Microsoft Azure Functions Vulnerable to Docker Escape Bug
An unpatched vulnerability in Microsoft Azure Functions has been found, this was announced by Paul Litvak, a cybersecurity researcher. This could be used by an attacker to intensify privileges and escape the Docker container used for hosting them.
The trigger code is an HTTP request configured to call an Azure Function
The researchers first created an HTTP trigger to gain a foothold over the Function container
Mesh binary was identified to contain a flaw that could be exploited to grant the app user that runs the Function root permissions.
The Azure Functions triggered by HTTP requests run for very few minutes, whereas the user's code is being run in the background by an Azure-Managed container without the user managing their infrastructure.
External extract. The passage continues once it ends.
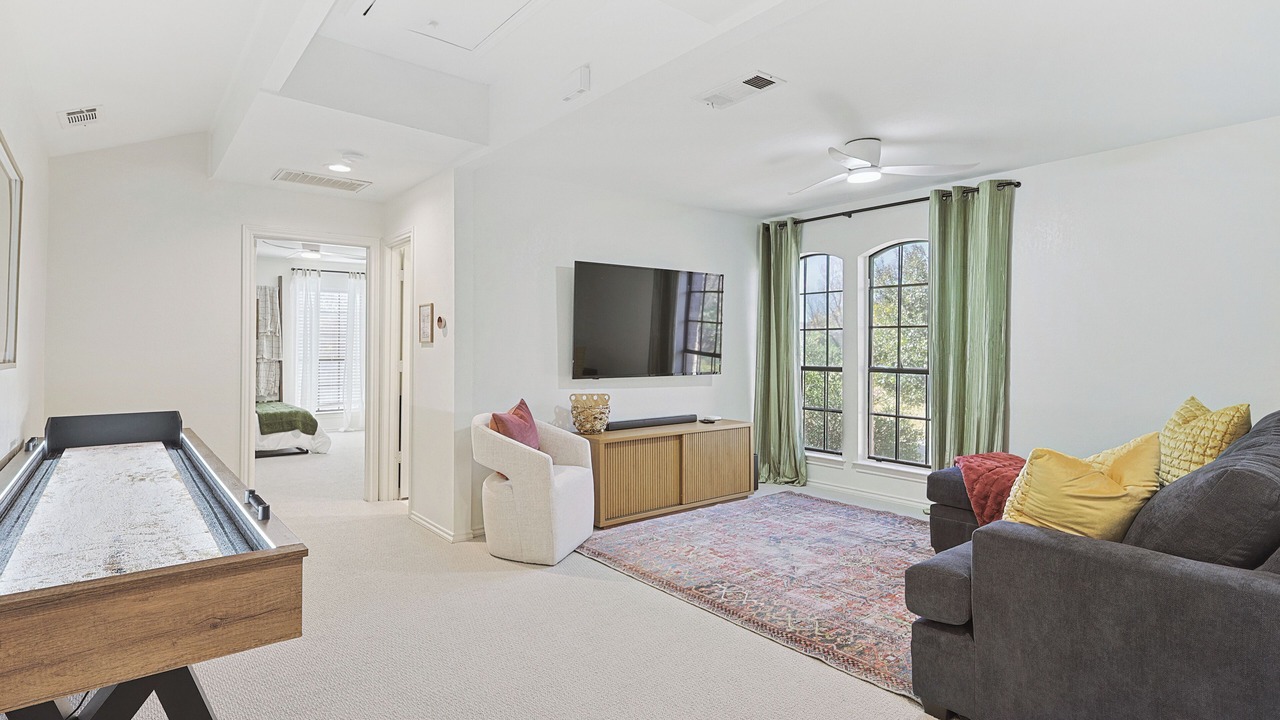 Photo of Livingroom in Grand Prairie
Though Microsoft has concluded that the issue has no security impact whatsoever on Azure Functions users, there is a possibility the extended privilege assigned to the container (using the flag) can be abused to escape the Docker container and run an erratic command on the host.
This is because the Mesh binary itself is undocumented and has little information, the researchers at Intezer found references to it in a public build log of a Docker image with this path “/root/mesh/init”, which they used as a privileged escalation.
In a statement put out by Microsoft, “The vulnerability has no security impact on Functions users because the host is still protected by another defense boundary against the elevated position we reached in the container host.” This came as part of Intezer Lab’s investigation into the Azure computing infrastructure.
Azure Functions, analogous to Amazon AWS Lambda, is a serverless solution that enables users to run event-triggered code without the need to explicitly provision or manage the infrastructure while making it possible to scale and allocate resources and processing on demand.
By incorporating Docker into the mix, developers can quickly deploy and run Azure Functions in the cloud or on-premises.
A proof-of-concept (POC) exploit code has been released on GitHub by Intezer to probe the Docker host environment.
According to Intezer Lab researchers, attackers can find a way in through vulnerable third-party software, as vulnerabilities are sometimes out of the cloud user’s control.
Finally, it is of utmost importance that protective measures are put in place to identify and terminate when the hacker executes unauthorized code in your production environment.